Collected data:

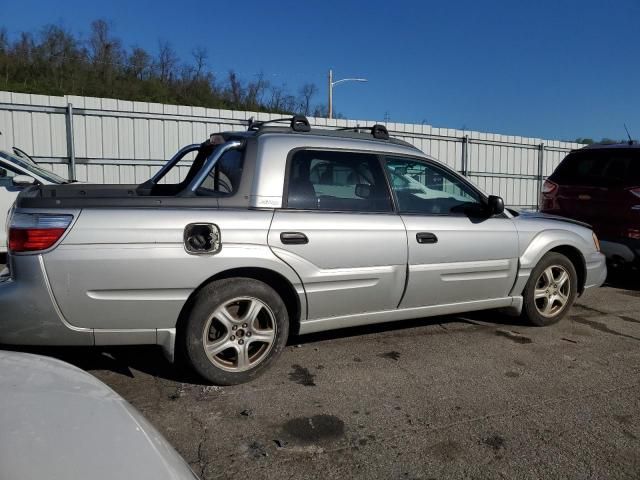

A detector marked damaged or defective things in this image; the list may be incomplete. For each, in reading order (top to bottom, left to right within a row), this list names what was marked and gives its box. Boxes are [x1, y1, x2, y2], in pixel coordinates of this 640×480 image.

cracked pavement [1, 264, 640, 478]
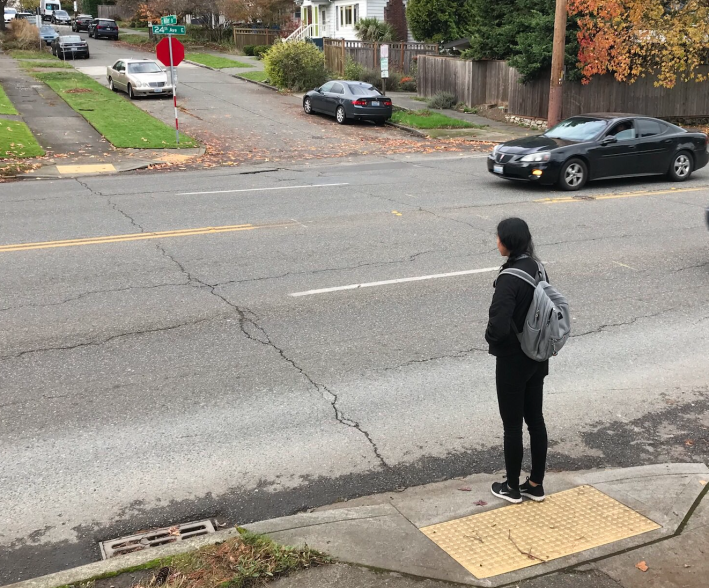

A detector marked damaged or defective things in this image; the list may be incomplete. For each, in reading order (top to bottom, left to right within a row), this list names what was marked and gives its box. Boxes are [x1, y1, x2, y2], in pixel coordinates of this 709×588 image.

cracked asphalt [1, 153, 708, 584]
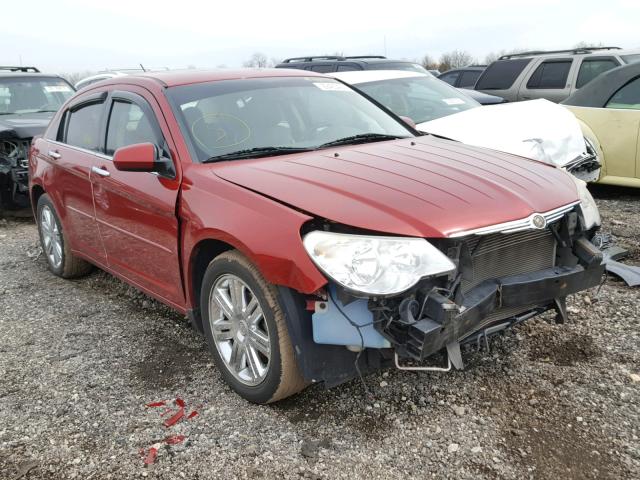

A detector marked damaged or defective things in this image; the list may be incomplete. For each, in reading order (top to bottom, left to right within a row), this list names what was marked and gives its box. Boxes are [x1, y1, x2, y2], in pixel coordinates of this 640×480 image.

damaged front end [0, 134, 31, 211]
crumpled hood [0, 113, 53, 141]
crumpled hood [211, 136, 580, 237]
white damaged car [332, 70, 604, 183]
crumpled hood [418, 97, 588, 169]
damaged front end [304, 206, 604, 382]
front bumper missing [388, 260, 604, 366]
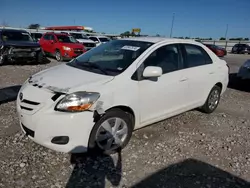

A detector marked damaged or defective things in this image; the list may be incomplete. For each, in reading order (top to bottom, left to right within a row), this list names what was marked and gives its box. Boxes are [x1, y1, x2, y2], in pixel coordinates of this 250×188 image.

salvage damage [0, 28, 44, 65]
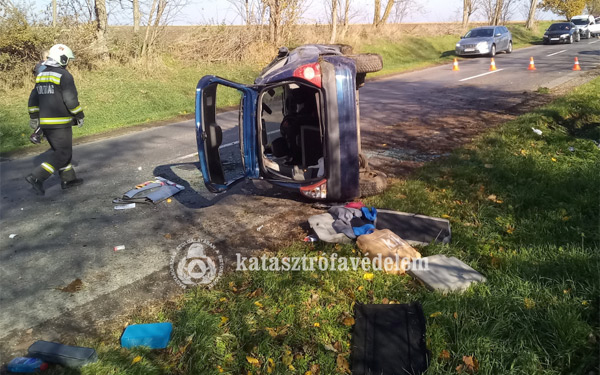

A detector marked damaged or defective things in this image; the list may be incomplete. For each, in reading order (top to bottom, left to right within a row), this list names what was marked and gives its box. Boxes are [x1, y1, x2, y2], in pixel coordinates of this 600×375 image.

overturned dark blue car [196, 43, 384, 201]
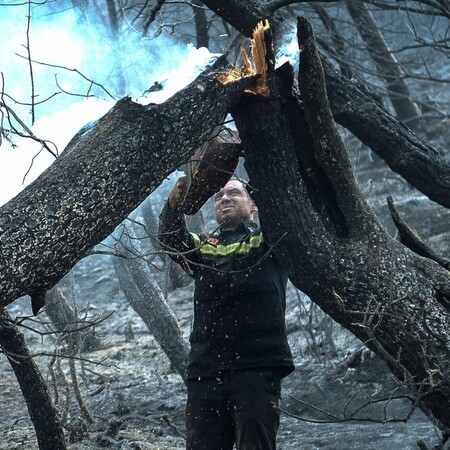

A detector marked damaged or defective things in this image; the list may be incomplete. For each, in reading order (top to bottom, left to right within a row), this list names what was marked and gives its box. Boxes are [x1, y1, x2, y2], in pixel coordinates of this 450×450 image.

splintered wood [217, 20, 270, 96]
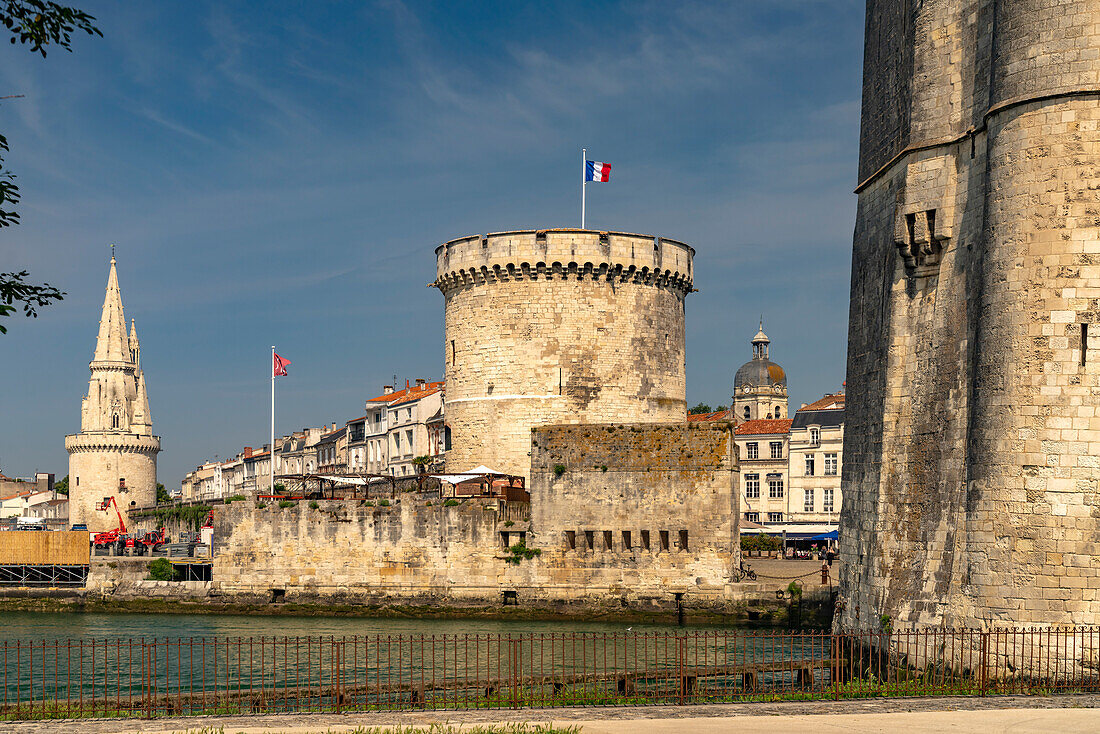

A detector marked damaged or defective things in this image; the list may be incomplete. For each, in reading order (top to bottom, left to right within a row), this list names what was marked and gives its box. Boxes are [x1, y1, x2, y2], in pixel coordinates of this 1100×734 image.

rusty iron fence [0, 628, 1096, 720]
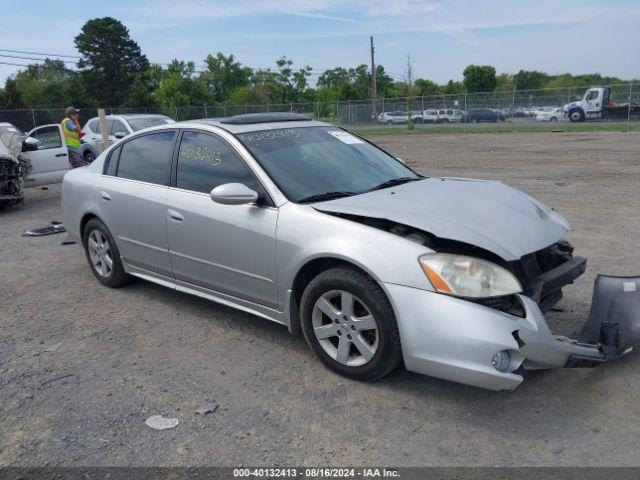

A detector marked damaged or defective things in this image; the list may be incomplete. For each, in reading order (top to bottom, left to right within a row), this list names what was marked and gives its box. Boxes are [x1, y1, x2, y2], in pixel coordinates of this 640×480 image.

damaged front end [0, 124, 31, 206]
damaged white car [0, 121, 72, 205]
damaged white car [61, 112, 640, 390]
crumpled hood [316, 175, 568, 258]
broken headlight [420, 253, 520, 298]
damaged bumper [384, 274, 640, 390]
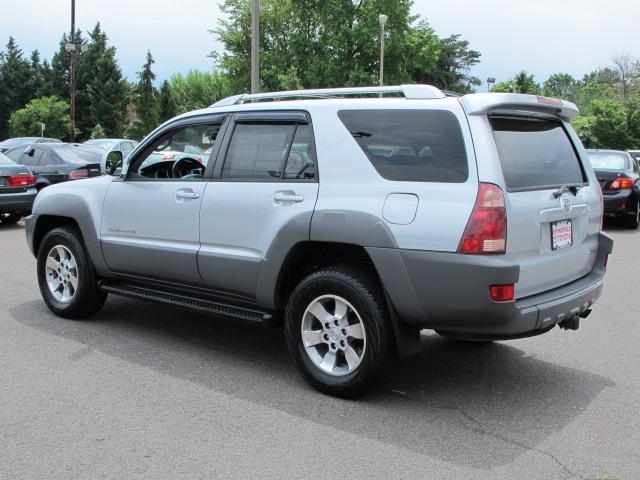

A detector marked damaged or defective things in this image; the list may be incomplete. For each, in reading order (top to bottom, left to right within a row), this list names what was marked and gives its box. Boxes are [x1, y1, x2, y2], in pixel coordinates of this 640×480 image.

parking lot pavement crack [388, 392, 588, 478]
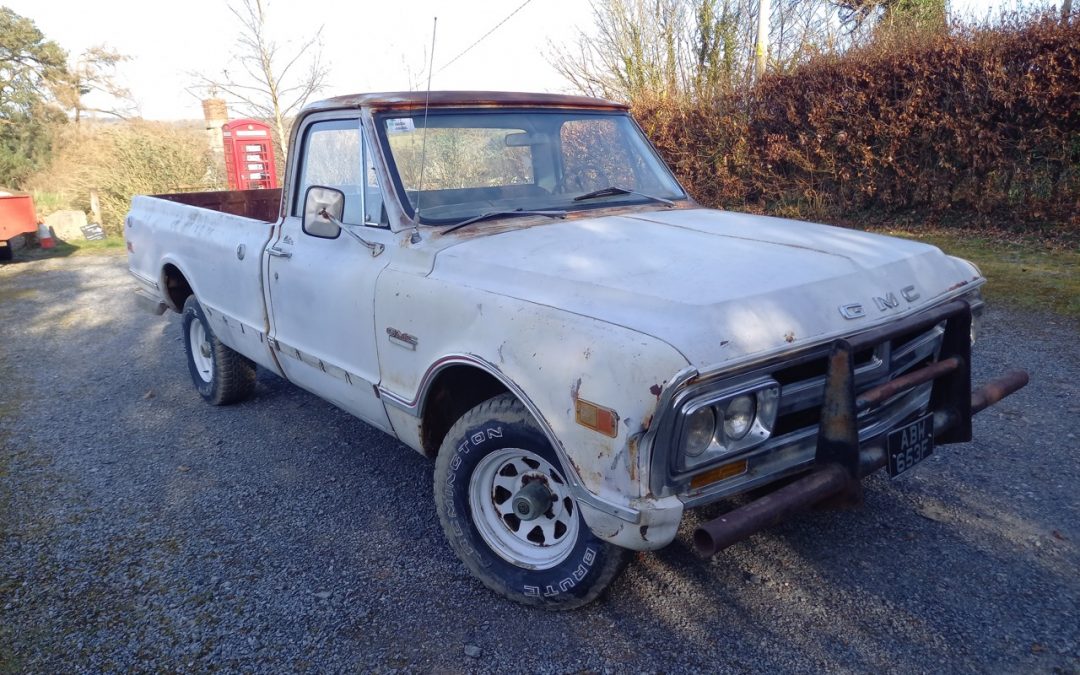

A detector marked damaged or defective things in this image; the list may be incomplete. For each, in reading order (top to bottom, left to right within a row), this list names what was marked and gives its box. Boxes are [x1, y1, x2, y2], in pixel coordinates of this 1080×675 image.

rusty roof panel [302, 92, 626, 113]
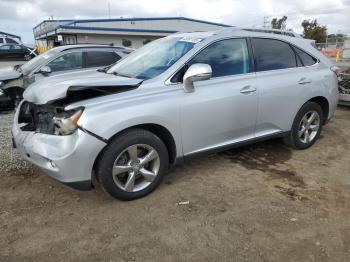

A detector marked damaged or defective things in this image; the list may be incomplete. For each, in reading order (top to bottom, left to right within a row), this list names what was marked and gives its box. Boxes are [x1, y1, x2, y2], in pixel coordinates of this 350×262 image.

damaged bumper [11, 101, 106, 189]
front end damage [11, 101, 106, 190]
broken headlight [53, 107, 83, 135]
crumpled hood [23, 70, 143, 105]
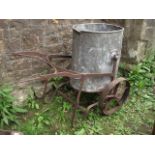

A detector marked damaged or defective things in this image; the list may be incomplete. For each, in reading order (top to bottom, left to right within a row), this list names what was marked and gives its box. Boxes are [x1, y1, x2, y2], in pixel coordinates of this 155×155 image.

rusty ironwork [13, 51, 130, 126]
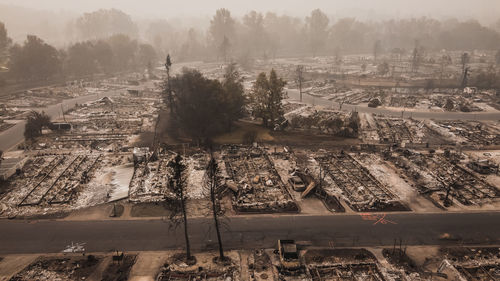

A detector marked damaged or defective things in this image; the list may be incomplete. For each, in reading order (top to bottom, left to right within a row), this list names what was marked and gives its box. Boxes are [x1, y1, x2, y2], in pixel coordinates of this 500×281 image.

row of burned lots [222, 144, 298, 212]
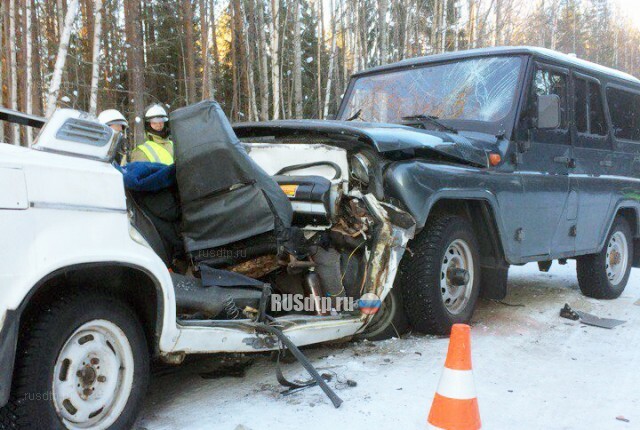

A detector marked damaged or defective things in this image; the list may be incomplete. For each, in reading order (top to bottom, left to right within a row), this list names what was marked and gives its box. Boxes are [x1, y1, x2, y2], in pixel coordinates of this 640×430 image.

cracked windshield [342, 55, 524, 124]
crashed white van [0, 102, 416, 428]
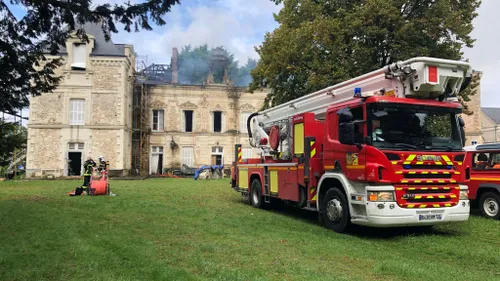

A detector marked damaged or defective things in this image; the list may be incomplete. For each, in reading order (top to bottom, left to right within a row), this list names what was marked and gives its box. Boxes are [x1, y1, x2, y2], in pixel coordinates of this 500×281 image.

damaged roof [43, 21, 127, 56]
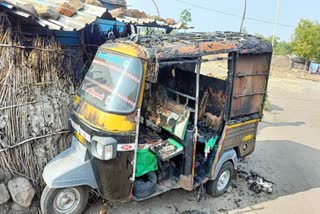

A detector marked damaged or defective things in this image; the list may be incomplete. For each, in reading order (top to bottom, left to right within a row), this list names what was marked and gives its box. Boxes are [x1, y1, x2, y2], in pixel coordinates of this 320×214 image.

burnt auto rickshaw [39, 32, 270, 214]
charred roof [108, 30, 272, 59]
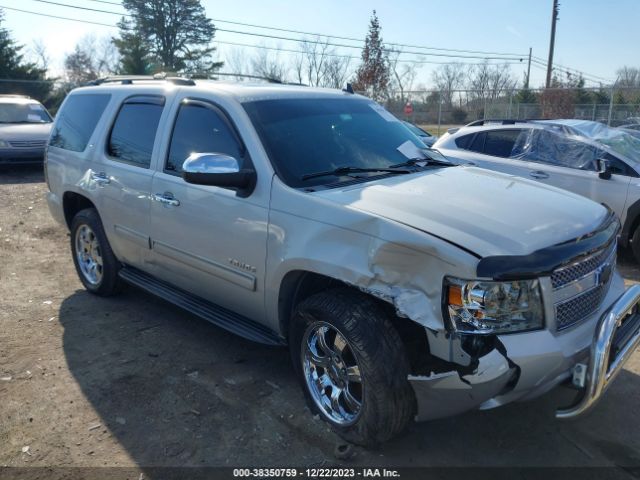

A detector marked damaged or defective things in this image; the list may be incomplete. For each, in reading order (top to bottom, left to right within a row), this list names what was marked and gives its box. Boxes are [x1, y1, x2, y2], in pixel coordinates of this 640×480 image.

Work to complete:
Nothing but the lines from the one containing "this 320×214 image." to the last line of the records should be returned, exactly as they appear and without pictures.

Solution for this problem:
A detector marked damaged or defective things in this image; the list may be incomplete. For each, in reading order (top to bottom, left to right within a row), this list names what was marked and gives its box. Boxes are [x1, y1, x2, y2], in pixel coordinates of this 320×214 image.

burnt auto rickshaw [39, 32, 270, 214]
charred roof [108, 30, 272, 59]

A detector marked damaged or defective things in this image; the list may be incomplete. For each, in reading order (top to bottom, left to right within a row), this list names what was marked and gives its box. Boxes are [x1, y1, x2, y2], in pixel coordinates of this 640×480 image.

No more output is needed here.